- [Assigned task]:
Your response should contain exactly the lines running from the one with "Iphone Wallpaper Desert" to the end of the data below, both included, and no pictures.
══════
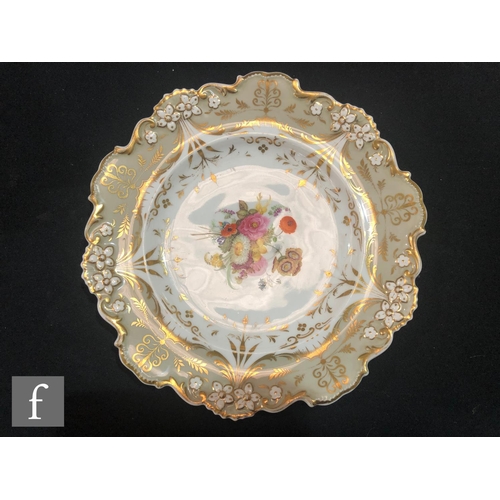 55 - A 19th Century hand painted part dessert service comprising one shaped dish and three plates, each w... 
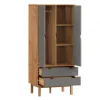 Ropero 2P, 2C y 2 estantes Mel/Gris Linea Nordica en Madera Maciza - Roperos y placares, Uruguay | Que Sal Muebleria, vista 7 de 25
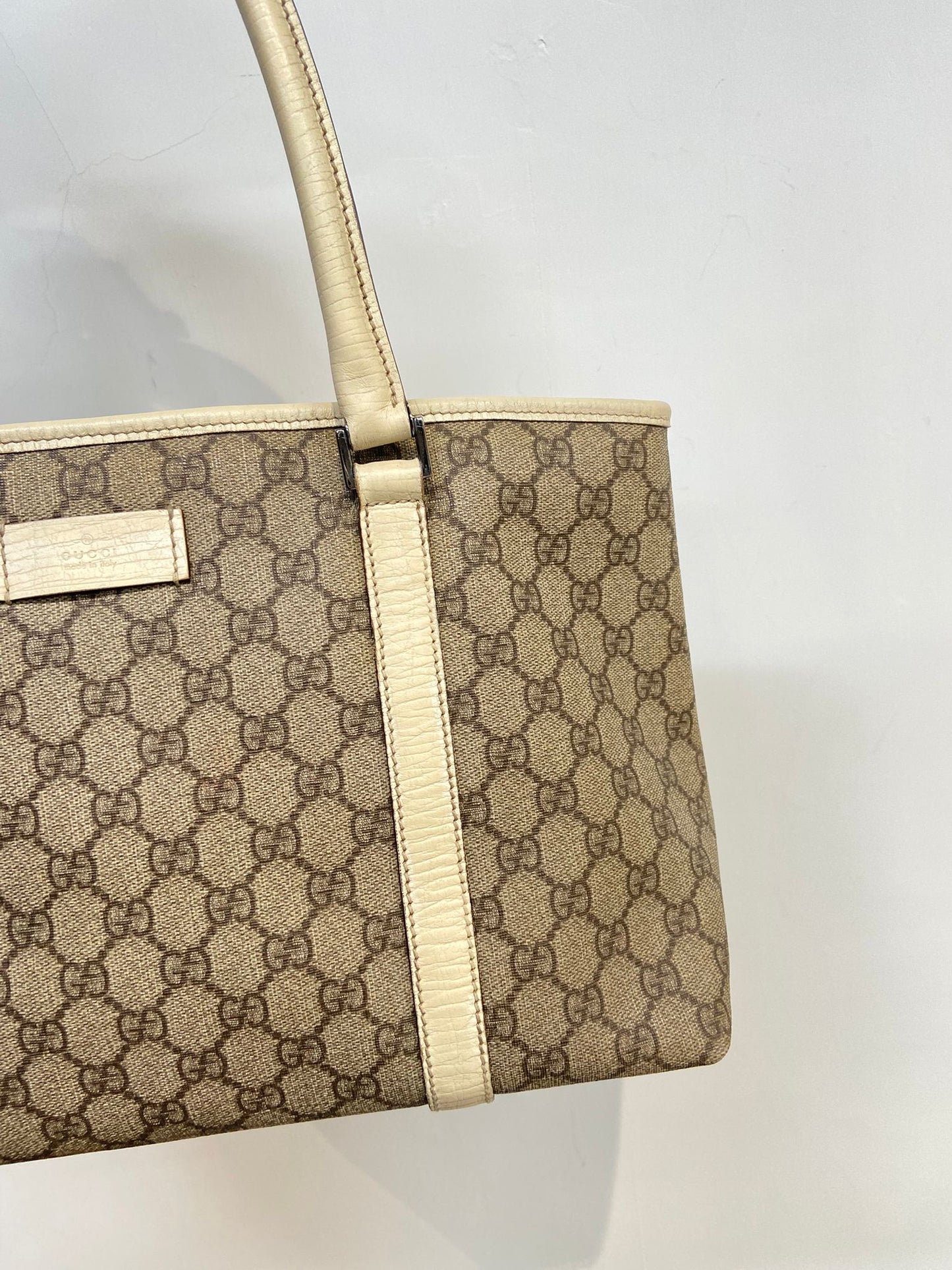 Gucci 白邊 老花tote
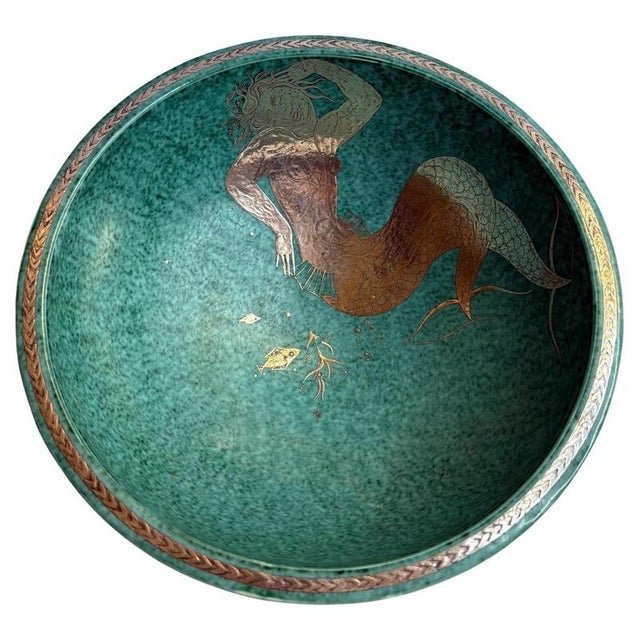 Art Deco Argenta Bowl with Silver Inlay by Wilhelm Kåge, Gustavsberg, Sweden, 1935 For Sale - Image 10 of 10
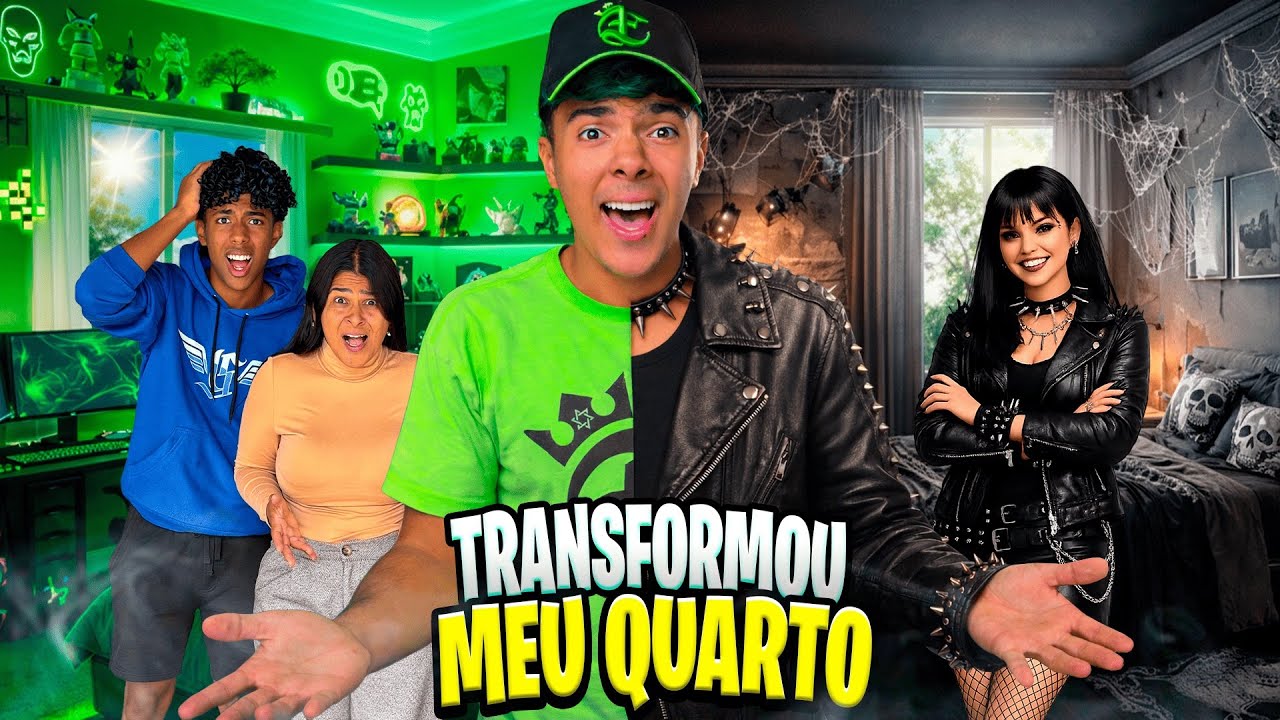 A NAMORADA GÓTICA TRANSFORMOU TODO O QUARTO DO ESTEVÃO‼️😱 *mostrei tudo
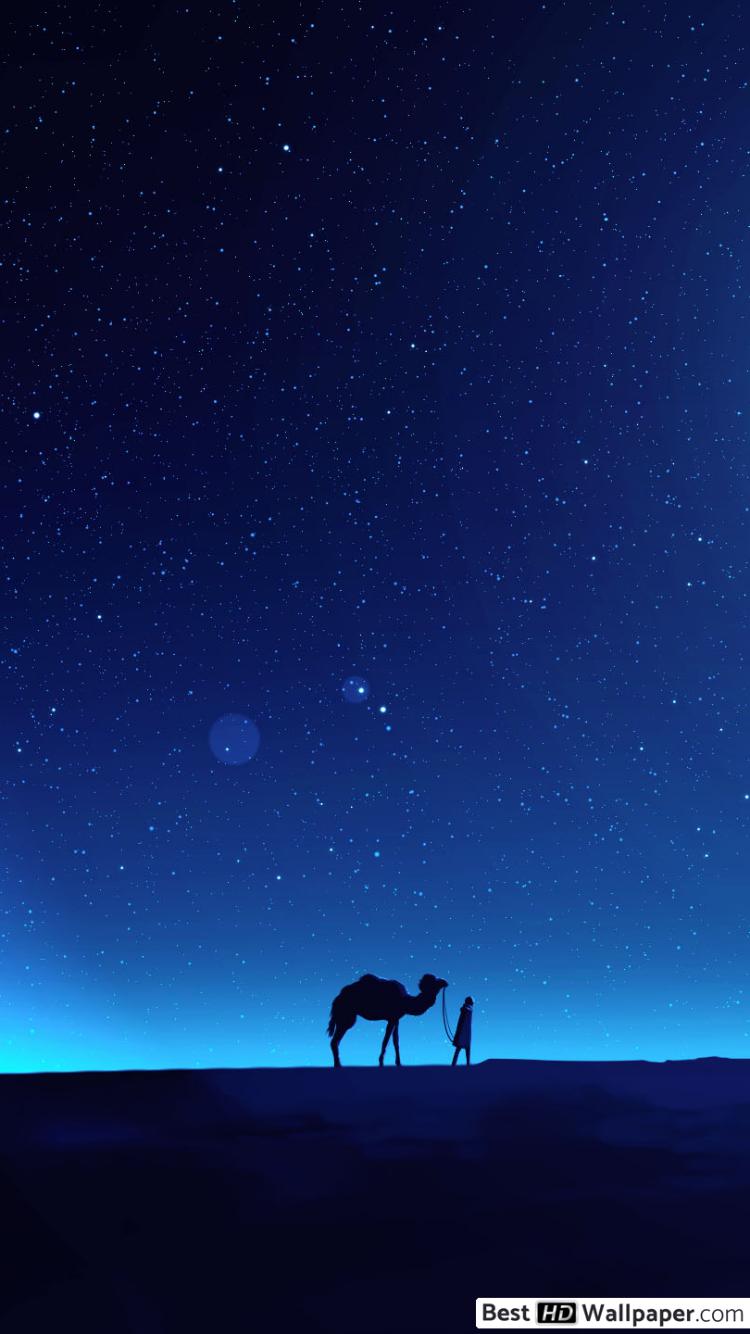 Iphone Wallpaper Desert Night - HD Wallpaper 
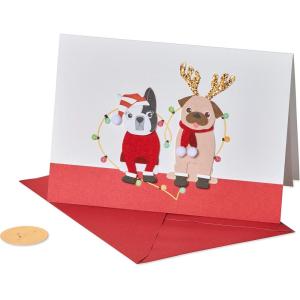 Papyrus Disney Christmas Card, Mickey and Minnie Mouse (Very Merry Christmas)(Christmas Dogs)
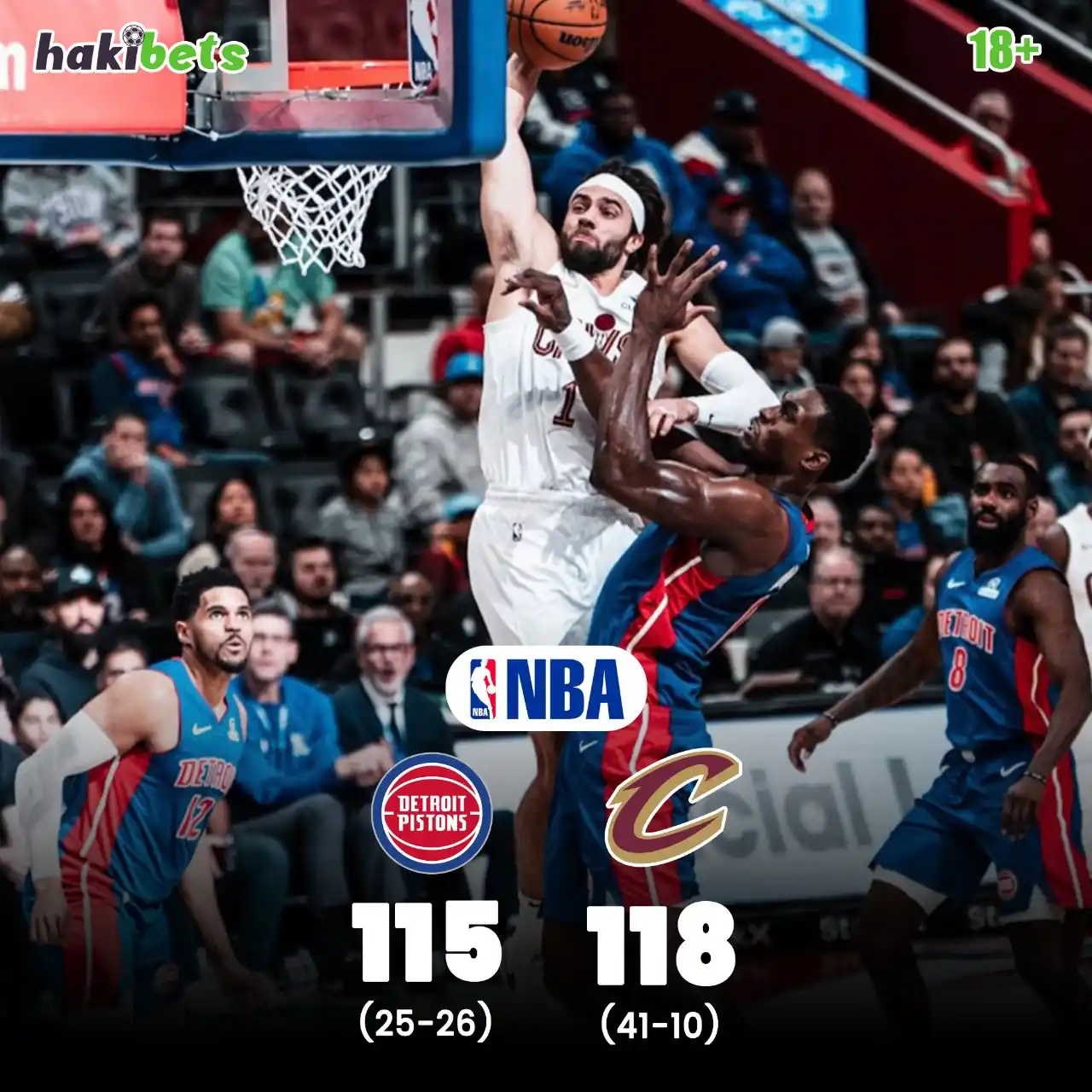 Image from Hakibets Kenya: CAVS HOLD ON! 🔥 Cleveland escapes with a 118-115 win over Detroit! Di...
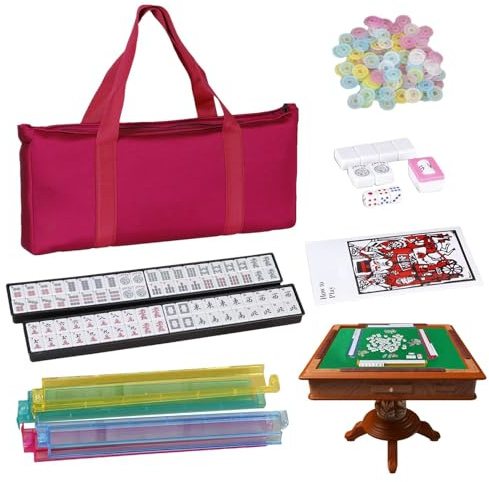 US Mah-Jongg Spielset Komplett, Schön, Tragbar, Klein, Reise | Kleine Tragetasche für Mahjong-Set Für Senioren, Anfänger, Erwachsene, Frauen, Lernen, , Komplett, Schön, Tragbar, Leicht,
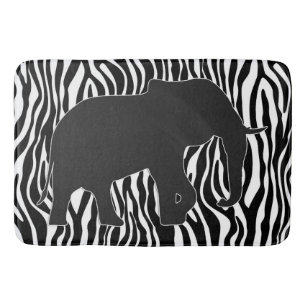 Zebra Stripes Pattern with Elephant + your ideas Bath Mat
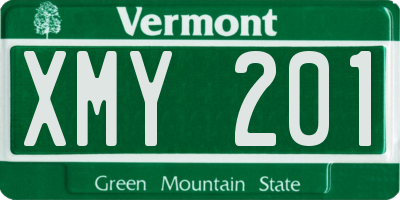 VT license plate XMY201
══════
- [Task output]:
 Iphone Wallpaper Desert Night - HD Wallpaper 
 Papyrus Disney Christmas Card, Mickey and Minnie Mouse (Very Merry Christmas)(Christmas Dogs)
 Image from Hakibets Kenya: CAVS HOLD ON! 🔥 Cleveland escapes with a 118-115 win over Detroit! Di...
 US Mah-Jongg Spielset Komplett, Schön, Tragbar, Klein, Reise | Kleine Tragetasche für Mahjong-Set Für Senioren, Anfänger, Erwachsene, Frauen, Lernen, , Komplett, Schön, Tragbar, Leicht,
 Zebra Stripes Pattern with Elephant + your ideas Bath Mat
 VT license plate XMY201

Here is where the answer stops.